> Entries supplied:
----
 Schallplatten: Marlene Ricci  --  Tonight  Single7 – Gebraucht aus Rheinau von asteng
----
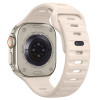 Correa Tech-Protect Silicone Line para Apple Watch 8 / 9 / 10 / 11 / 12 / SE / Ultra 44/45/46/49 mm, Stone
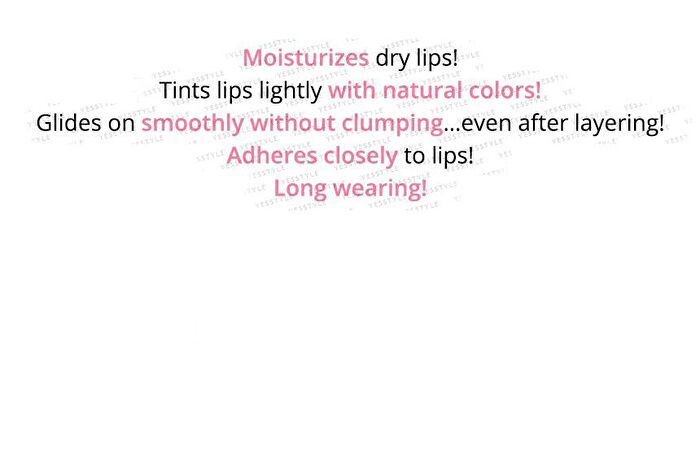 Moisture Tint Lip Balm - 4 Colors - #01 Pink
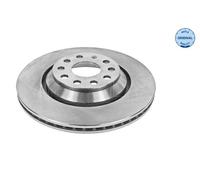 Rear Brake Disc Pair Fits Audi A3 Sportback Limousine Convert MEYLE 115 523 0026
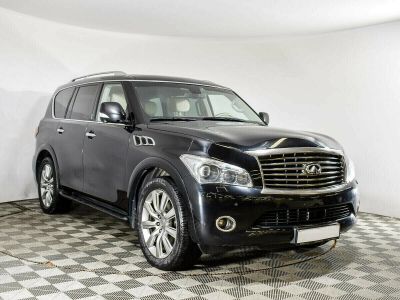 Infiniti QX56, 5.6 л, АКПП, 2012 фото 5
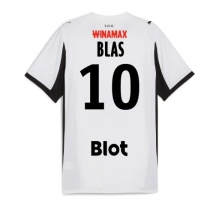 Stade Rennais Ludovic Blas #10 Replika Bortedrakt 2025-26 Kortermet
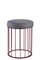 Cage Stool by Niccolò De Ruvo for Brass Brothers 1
----
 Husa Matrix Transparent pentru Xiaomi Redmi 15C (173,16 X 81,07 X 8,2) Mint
----
> Your instructions:
Output exactly the lines of the listing above that start with the one holding "Correa Tech-Protect Silicone" and go on through the one holding "Cage Stool by"; leave the pictures out.

> Reply to the task:
 Correa Tech-Protect Silicone Line para Apple Watch 8 / 9 / 10 / 11 / 12 / SE / Ultra 44/45/46/49 mm, Stone
 Moisture Tint Lip Balm - 4 Colors - #01 Pink
 Rear Brake Disc Pair Fits Audi A3 Sportback Limousine Convert MEYLE 115 523 0026
 Infiniti QX56, 5.6 л, АКПП, 2012 фото 5
 Stade Rennais Ludovic Blas #10 Replika Bortedrakt 2025-26 Kortermet
 Cage Stool by Niccolò De Ruvo for Brass Brothers 1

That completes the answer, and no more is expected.